Fast characterwise (and binary?) patches

All programming languages and human-readable text-based formats that I’m aware use characters and substrings as tokens, not lines. However, source control systems are typically based around the arbitrary newline separator. They do this for performance reasons: performance dependent on the number of lines is always faster than performance dependent on the number of characters (unless your file only contains newline characters)

From skimming over the pijul and sanakirja source code, it looks like patches deal with LineId’s. However, patches must initially be generated from flat text files. This would need to involve scanning for newlines, characterwise. Only afterwards can pijul/sanakirja get the performance improvements of just using LineId’s.

I propose running the algorithms over a compressed repository format directly without any decompression. This is known as compressed pattern matching, but it’s good for any stringology algorithms.

Compressed pattern matching saves space, but more interestingly it speeds up algorithms to times sub-linear to the length of the uncompressed text.
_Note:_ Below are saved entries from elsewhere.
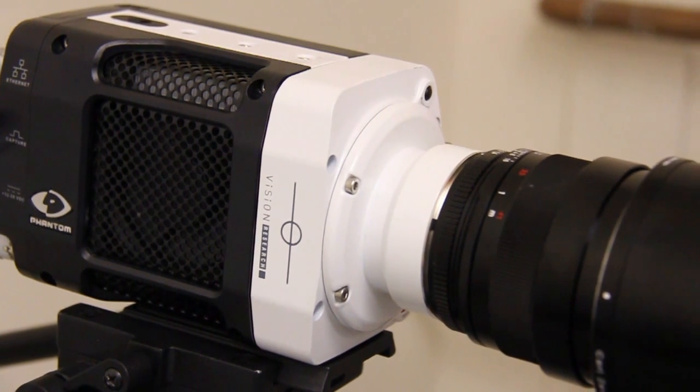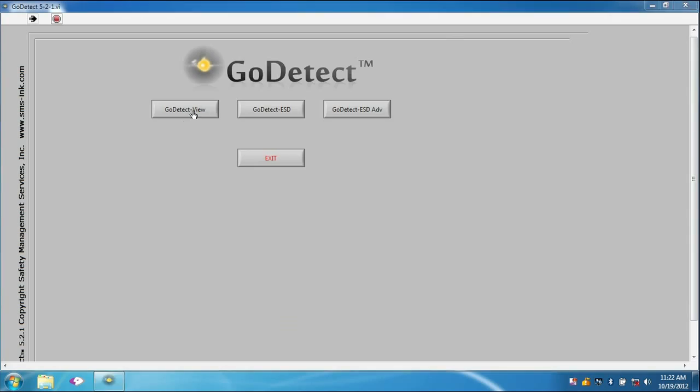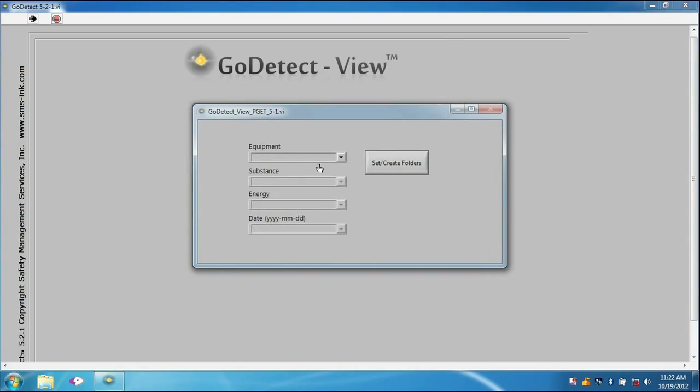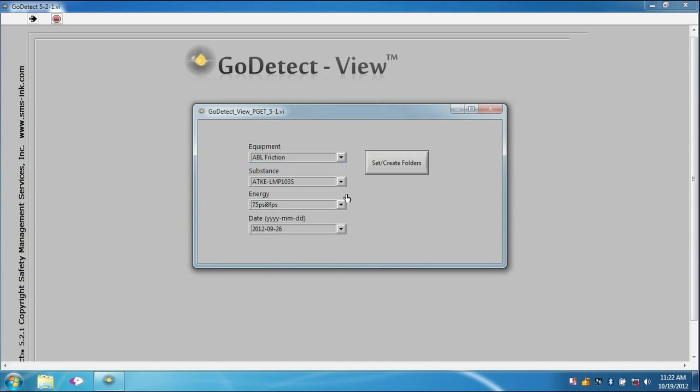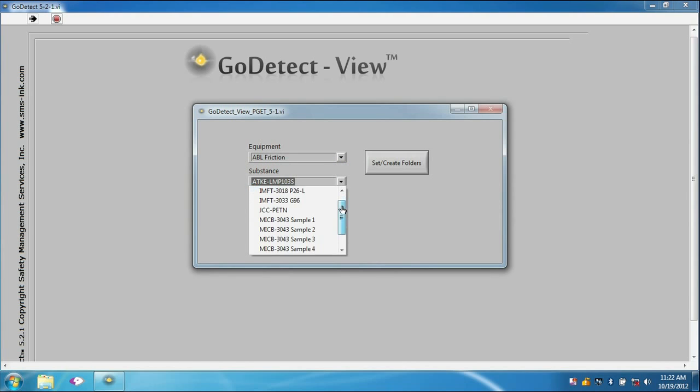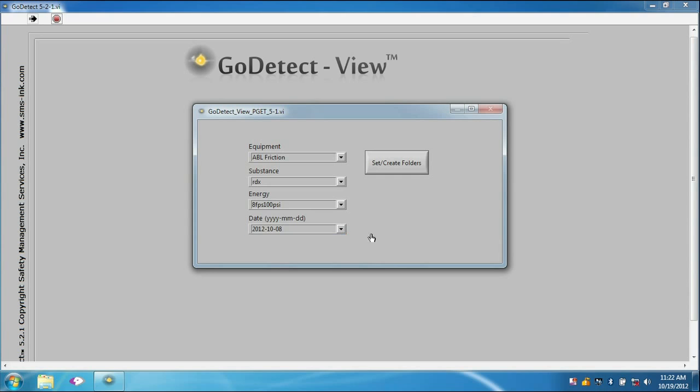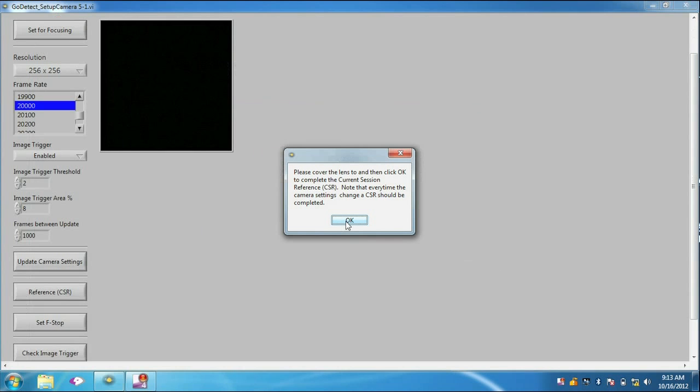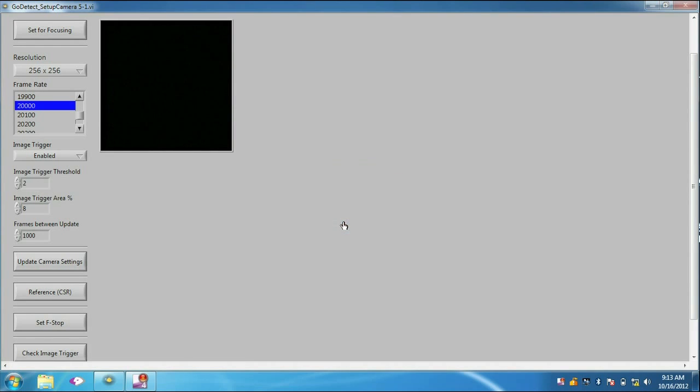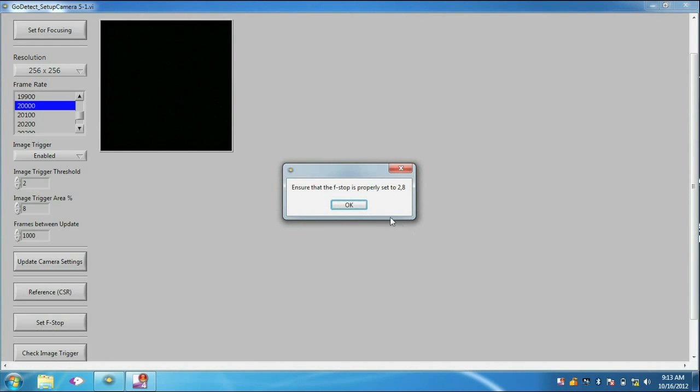With a few simple clicks, the GoDetectView software will automatically create an archived folder for the test trials to be performed based on the type of material, energy level, and the test date. A step-by-step process ensures that the GoDetectView system is set up properly.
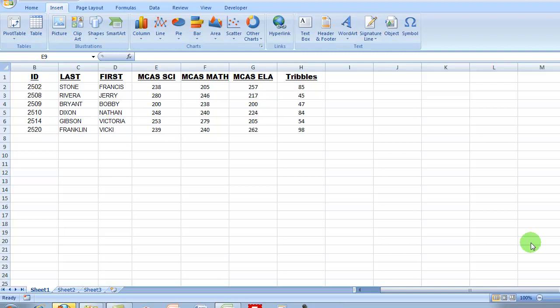Everybody has a handful of functions that they use on a regular basis, and the people at Microsoft in their infinite wisdom have decided that they were going to take a group of the most commonly used functions and label those as the basic functions.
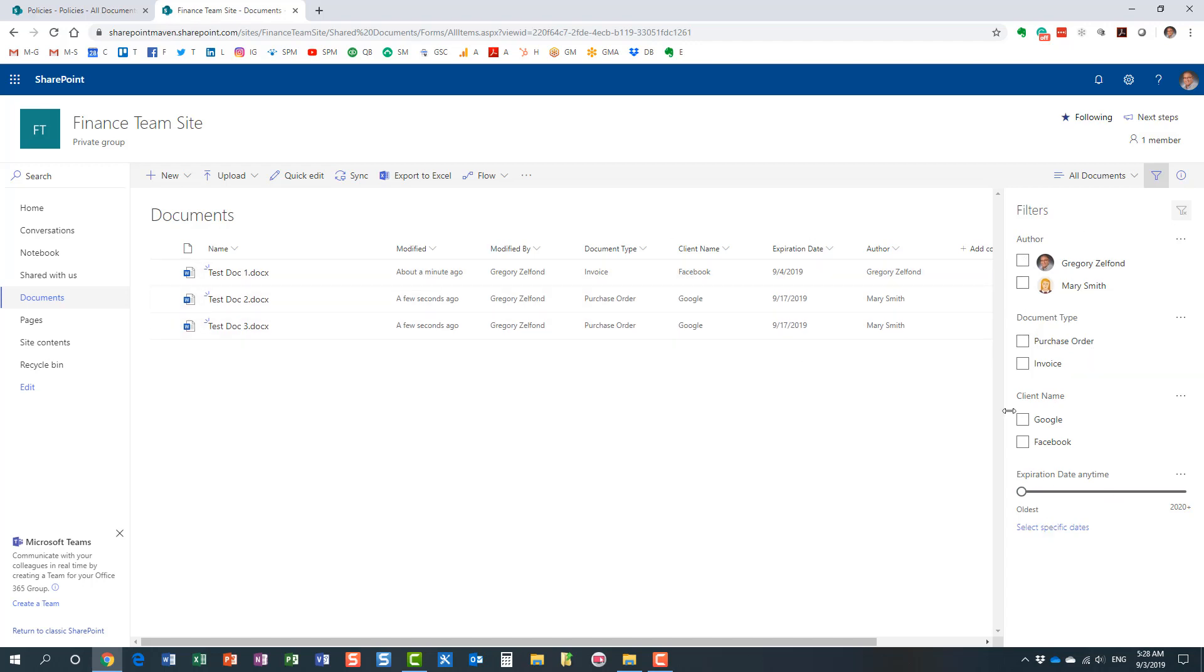Now, the only thing, if you notice, they're kind of in random order. Maybe I want to filter by document type first, I want it to be on the top. Or maybe I want to filter by client name first. How do I make this happen? Let me show you.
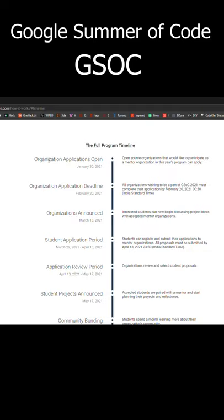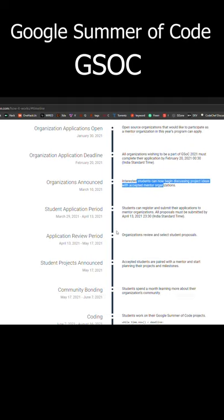As we can see, the application student period shows here: March 29th, April 13th, and the rest of the links will be shown here.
Lately I’ve been reading about data compression using anti-dictionaries. Anti-dictionary compression works by building a dictionary of what is not in the source text.

Text Compression Using Antidictionaries
DCA (Data Compression using Antidictionaries)
Data Compression Using Antidictionaries

Anti-dictionary compression is particularly well suited to CPM.

Pattern Matching in Text Compressed by Using Antidictionaries

Antidictionaries may or may not be the best way, but I have a feeling that they would be a good choice for a version control system given that they are an example of contextual compression.

If pijul were to use compressed pattern matching rather than LineId’s, I think it could in most cases be faster while supporting more user-friendly and semantically relevant substring patches (and maybe even binary patches!)

I figured I would bring this up publicly before me (or anyone else) dives in and starts working on this because it would require yet another a format change.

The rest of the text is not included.